The answer must be the lines from the one that holds "bathroom featuring tiled" through the final line of the data, copied exactly, with no pictures.

START Source data

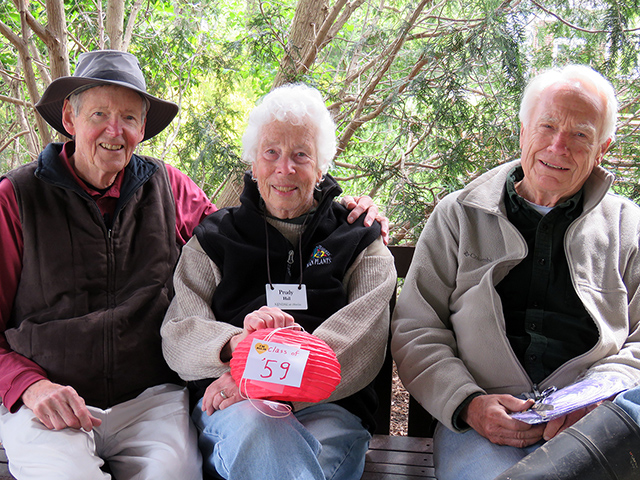 3 OC alumni on a bench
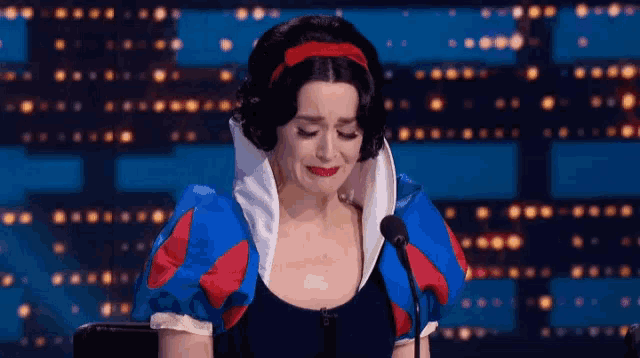 a woman in a snow white costume is crying while speaking into a microphone
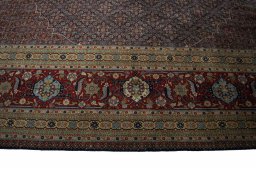 Close-up detail of 1930s Tabriz rug from Iran / Persia showing Wool weave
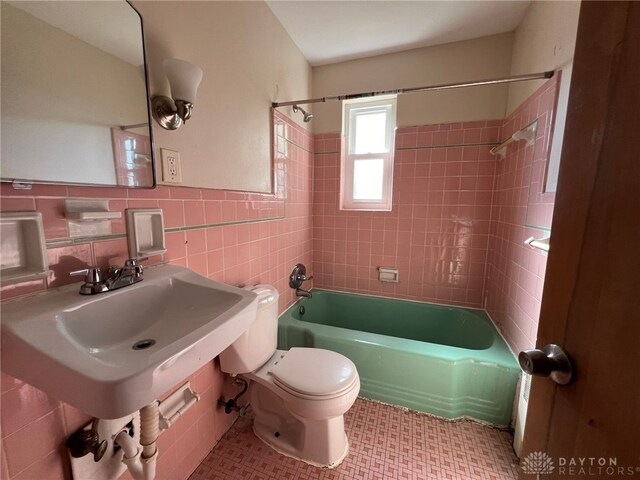 bathroom featuring tiled shower / bath, toilet, and tile walls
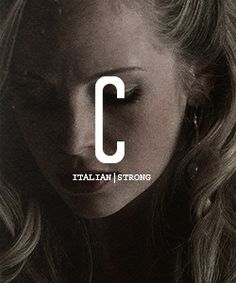 a woman with long blonde hair and the letter c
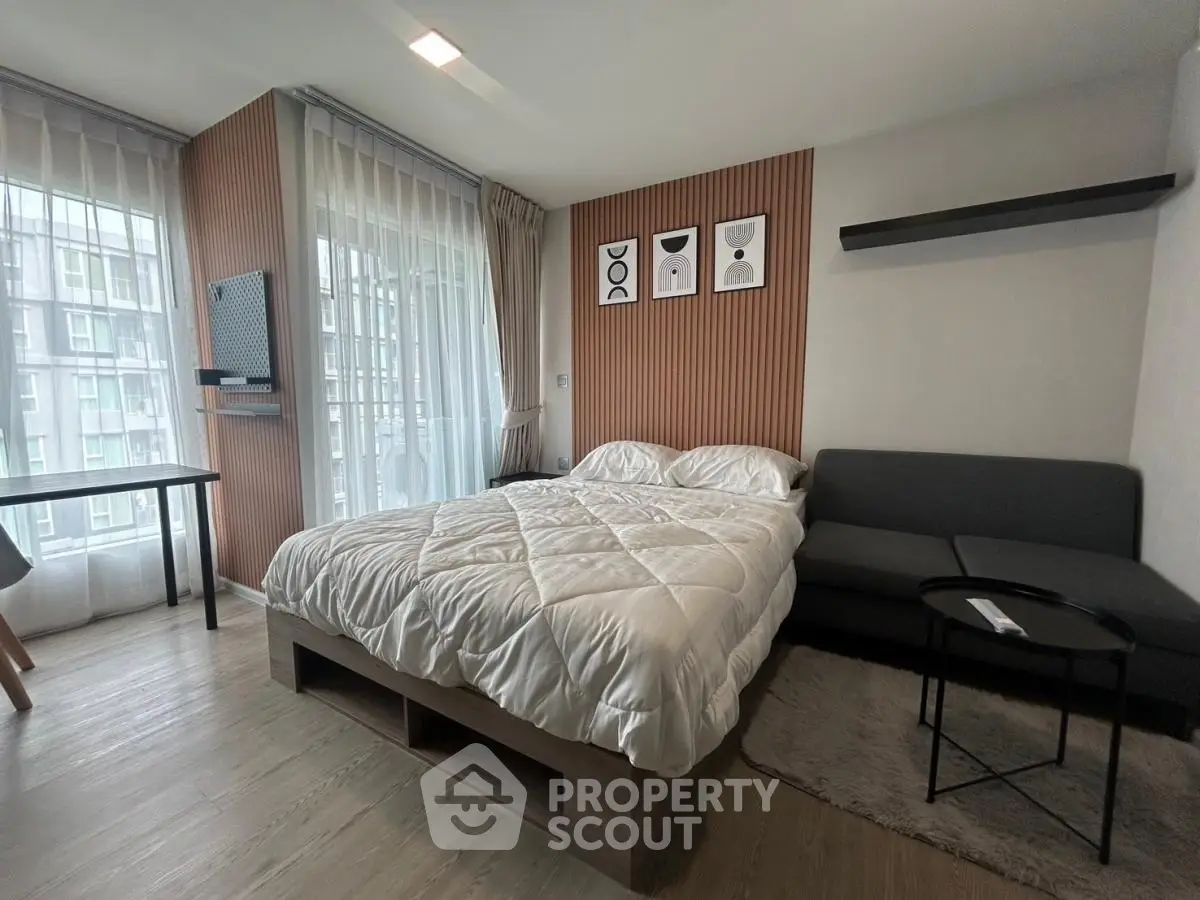 Modern bedroom with stylish decor and large windows in a contemporary apartment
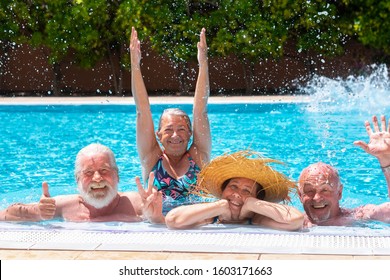 Cheerful Group Of Four Senior People Floating In Outdoor Swimming Pool Raising Splashes Of Water. They Smile Relaxed On Vacation Under The Bright Sun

END Source data

◆ **Written solution**
 bathroom featuring tiled shower / bath, toilet, and tile walls
 a woman with long blonde hair and the letter c
 Modern bedroom with stylish decor and large windows in a contemporary apartment
 Cheerful Group Of Four Senior People Floating In Outdoor Swimming Pool Raising Splashes Of Water. They Smile Relaxed On Vacation Under The Bright Sun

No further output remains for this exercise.